[Date Prev][Date Next][Thread Prev][Thread Next][Date Index][Thread Index]
Re: [idn] UTF-8 / RACE
> > I don't think it's fair to characterize ACE as a halfway solution.
>
> It requires significant additional computations and presentation
> processing for it to be anywhere near seamless for the user.
Somehow I don't think I would characterize the additional computation
as 'significant' - it's a fairly trivial format conversion. The
presentation processing is only a significant issue for those applications
that don't already have to parse the input to distinguish components
that contain domain names from those that don't. Most appliations
that I can think off offhand already need to do this. And even with
UTF-8, any application that accepts input of domain names would also
need to do this, becaue it would need to handle nameprep.
> UTF8 encoded data does not require multiple translations.
That depends on whether you consider nameprep a translation.
> Maybe "halfway" isn't proper
> descriptor for ACE (did I use it? no matter), but it's not a complete
> solution either.
Again, I don't see it. In either the ACE case or the UTF8 case you have
to separate domain names from other text for the purpose of input.

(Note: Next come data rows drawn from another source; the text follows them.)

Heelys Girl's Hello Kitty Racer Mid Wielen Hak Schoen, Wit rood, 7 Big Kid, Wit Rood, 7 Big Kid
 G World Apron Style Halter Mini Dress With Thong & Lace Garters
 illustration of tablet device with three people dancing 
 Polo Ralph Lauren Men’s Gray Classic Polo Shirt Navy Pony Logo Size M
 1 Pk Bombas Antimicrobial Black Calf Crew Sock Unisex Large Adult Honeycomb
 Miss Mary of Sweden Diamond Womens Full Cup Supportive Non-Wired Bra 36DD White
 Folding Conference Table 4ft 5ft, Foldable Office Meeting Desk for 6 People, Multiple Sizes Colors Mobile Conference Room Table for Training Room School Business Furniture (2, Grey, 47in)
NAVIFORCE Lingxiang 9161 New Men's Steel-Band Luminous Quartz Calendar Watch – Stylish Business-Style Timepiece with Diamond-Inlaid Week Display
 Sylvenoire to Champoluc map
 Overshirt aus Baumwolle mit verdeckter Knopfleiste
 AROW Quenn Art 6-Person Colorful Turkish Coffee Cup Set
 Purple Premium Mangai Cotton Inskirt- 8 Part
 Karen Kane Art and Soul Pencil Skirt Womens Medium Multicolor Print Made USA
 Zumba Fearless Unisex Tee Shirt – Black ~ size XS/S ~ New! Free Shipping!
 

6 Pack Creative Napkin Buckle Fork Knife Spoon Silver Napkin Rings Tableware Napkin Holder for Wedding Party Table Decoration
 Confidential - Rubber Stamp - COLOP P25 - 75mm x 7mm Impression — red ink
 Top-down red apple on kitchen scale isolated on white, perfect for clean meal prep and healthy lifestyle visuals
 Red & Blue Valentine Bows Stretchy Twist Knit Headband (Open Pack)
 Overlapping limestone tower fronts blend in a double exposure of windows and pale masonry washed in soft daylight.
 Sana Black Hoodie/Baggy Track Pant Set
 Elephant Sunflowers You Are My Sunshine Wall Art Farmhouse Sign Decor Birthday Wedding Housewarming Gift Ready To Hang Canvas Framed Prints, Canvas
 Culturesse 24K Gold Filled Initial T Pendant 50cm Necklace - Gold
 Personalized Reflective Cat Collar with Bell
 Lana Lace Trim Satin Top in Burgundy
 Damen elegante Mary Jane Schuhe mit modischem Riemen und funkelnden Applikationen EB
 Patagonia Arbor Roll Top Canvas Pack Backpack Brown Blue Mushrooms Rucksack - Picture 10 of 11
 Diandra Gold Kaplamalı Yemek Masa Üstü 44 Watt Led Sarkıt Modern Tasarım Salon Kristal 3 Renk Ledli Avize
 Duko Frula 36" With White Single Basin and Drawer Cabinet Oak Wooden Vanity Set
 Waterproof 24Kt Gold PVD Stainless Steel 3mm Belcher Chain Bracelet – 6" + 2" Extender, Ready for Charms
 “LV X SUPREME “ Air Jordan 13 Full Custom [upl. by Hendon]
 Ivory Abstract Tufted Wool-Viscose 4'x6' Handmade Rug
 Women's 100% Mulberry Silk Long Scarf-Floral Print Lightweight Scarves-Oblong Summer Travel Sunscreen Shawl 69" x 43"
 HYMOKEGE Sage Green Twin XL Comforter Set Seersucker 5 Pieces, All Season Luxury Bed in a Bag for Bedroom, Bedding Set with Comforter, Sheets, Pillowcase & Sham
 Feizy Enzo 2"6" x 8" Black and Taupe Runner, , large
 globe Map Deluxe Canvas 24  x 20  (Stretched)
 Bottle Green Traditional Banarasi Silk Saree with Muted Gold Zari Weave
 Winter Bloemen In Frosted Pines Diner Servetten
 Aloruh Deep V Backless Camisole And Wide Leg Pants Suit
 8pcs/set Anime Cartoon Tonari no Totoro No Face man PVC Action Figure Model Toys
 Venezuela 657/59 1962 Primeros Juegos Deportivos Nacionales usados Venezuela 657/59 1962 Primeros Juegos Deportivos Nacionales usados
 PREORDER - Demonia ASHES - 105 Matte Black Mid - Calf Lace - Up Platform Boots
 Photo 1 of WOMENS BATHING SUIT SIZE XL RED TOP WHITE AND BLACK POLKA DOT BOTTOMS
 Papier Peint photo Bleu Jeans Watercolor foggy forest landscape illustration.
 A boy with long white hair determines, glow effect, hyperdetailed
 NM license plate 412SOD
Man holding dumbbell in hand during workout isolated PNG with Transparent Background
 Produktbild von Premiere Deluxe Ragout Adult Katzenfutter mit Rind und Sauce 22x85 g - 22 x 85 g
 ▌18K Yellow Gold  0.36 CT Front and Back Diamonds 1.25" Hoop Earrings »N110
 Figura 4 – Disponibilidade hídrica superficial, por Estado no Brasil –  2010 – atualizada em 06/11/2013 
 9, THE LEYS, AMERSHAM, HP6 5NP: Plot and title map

In the case of ACE you have to separate them for the purpose of presentation
also, but often you would have had to do it anyway. So there's a chance
of needing some additional complexity on the part of ACE for the purpose
of presentation but this is more than offset by not needing the complexity
of negotiation between components before exchanging domains in the
UTF8 case.
> > since the vast majority of applications will be using standard APIs
> > which convert between native character set and encoding and those
> > used on the wire. For this purpose, the application doesn't care
> > whether the format is UTF-8 or ACE.
>
> My guess is that over the next 10 years, the majority of the systems will
> be either be native UTF8 or UTF32.
I'm not sure what you mean by "systems". Operating systems will certainly
support UTF8, but may use other encodings also. Applications will use
a variety of encodings internally. New applications will probably use
a combination of UTF-8 and 32 bit representations.
Keith